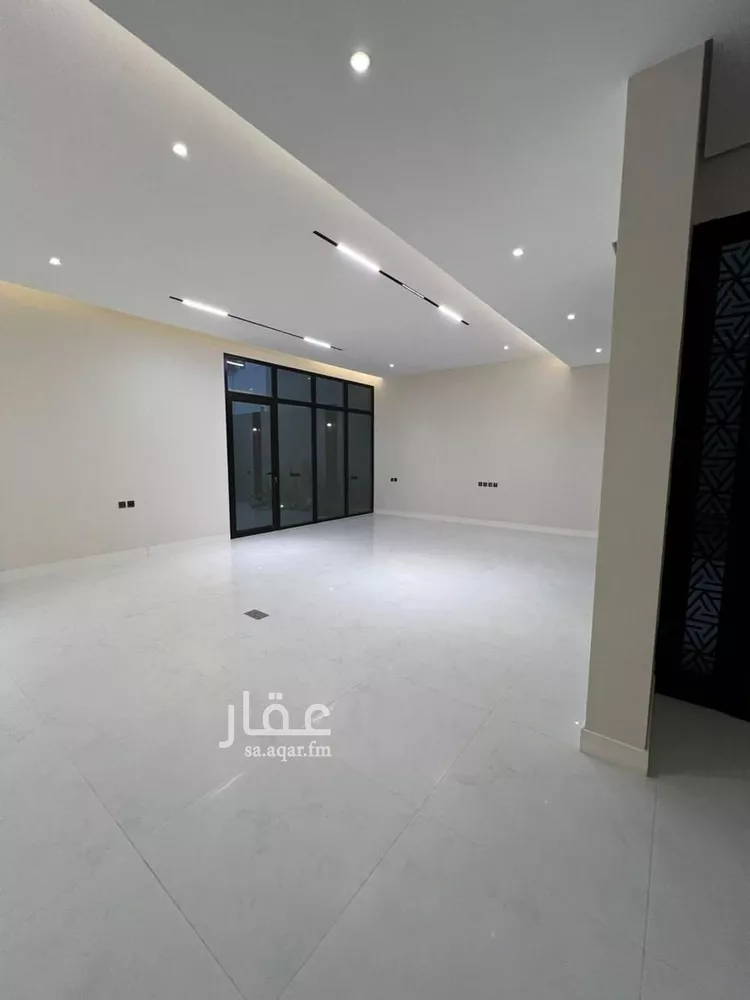 Villa for Sale in Riyadh Al Mahdiyah صورة 4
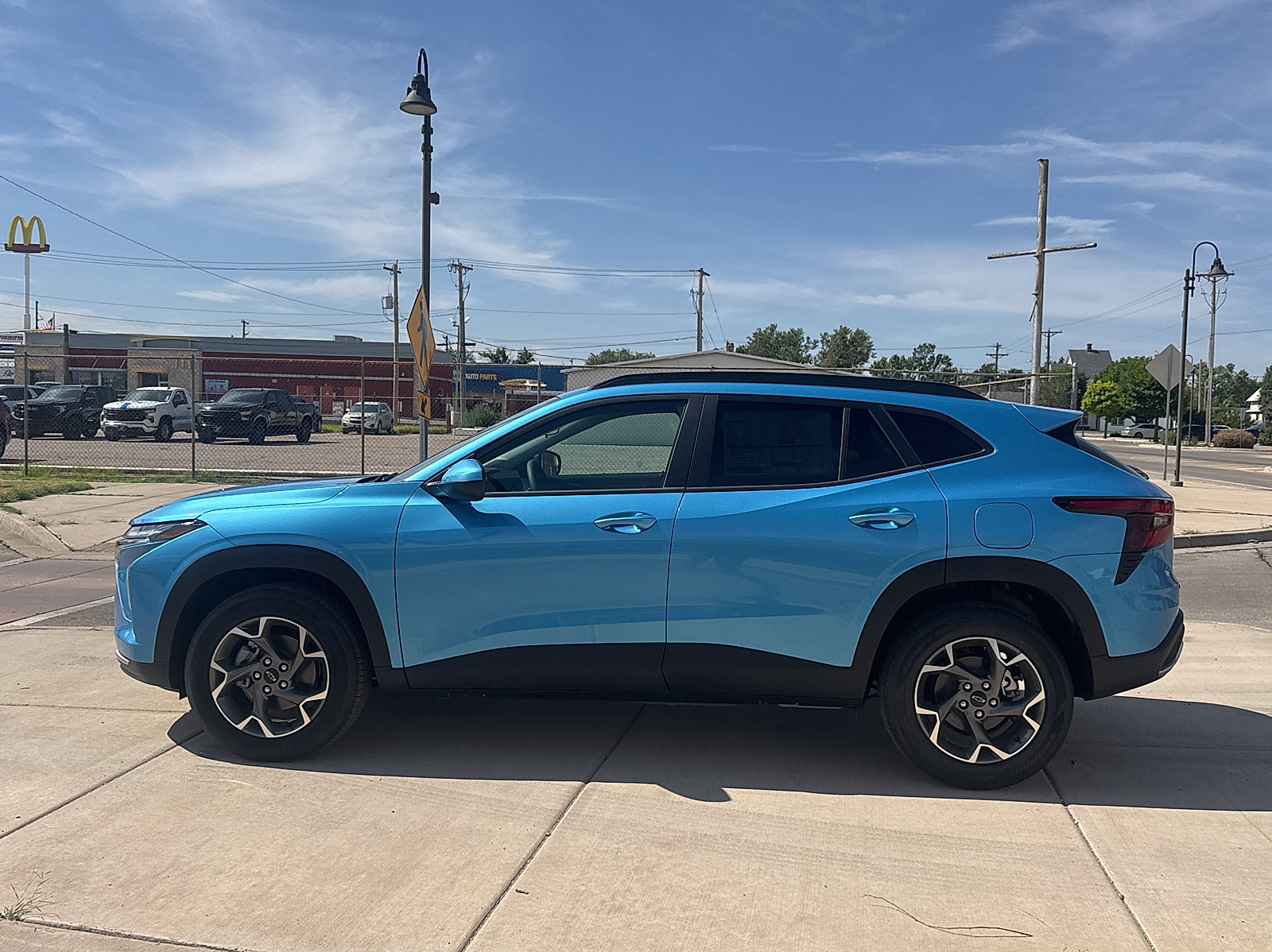 New 2026 Chevrolet Trax LT w/ LPO, Blackout Package FWD image 2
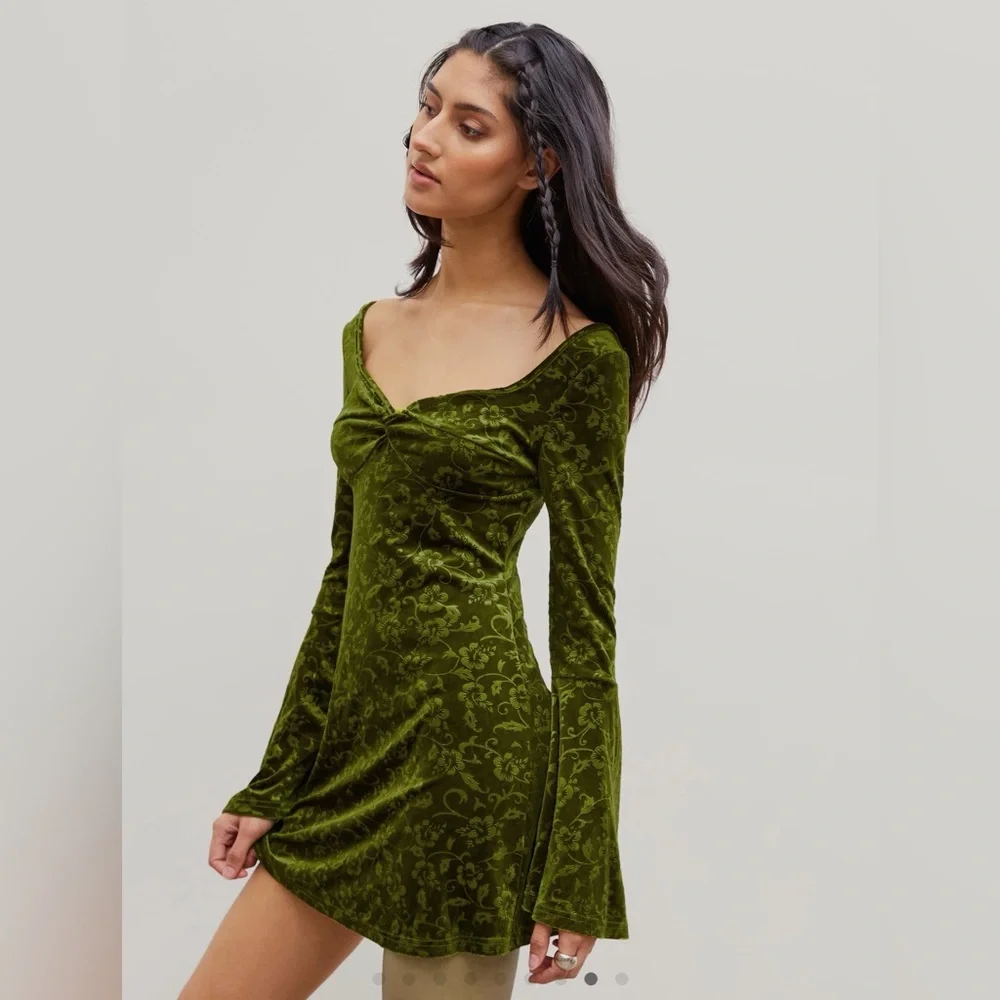 Cider Velvet Sweetheart Twist Floral Bell
Sleeve Mini Dress - Picture 3 of 11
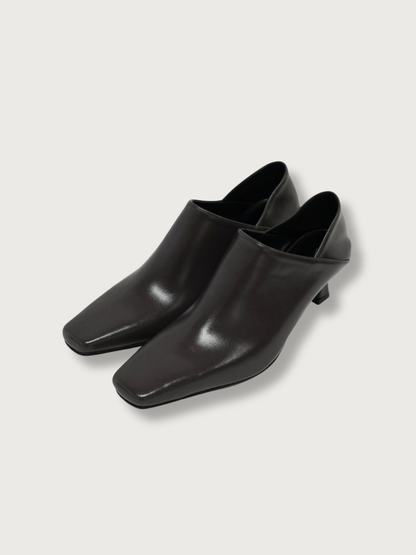 square heel loafer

## YOUR TASK
An exact restatement is expected of the lines from the line containing "Cider Velvet Sweetheart Twist Floral Bell" to the end of the data above, pictures excluded.

## YOUR SOLUTION
 Cider Velvet Sweetheart Twist Floral Bell
Sleeve Mini Dress - Picture 3 of 11
 square heel loafer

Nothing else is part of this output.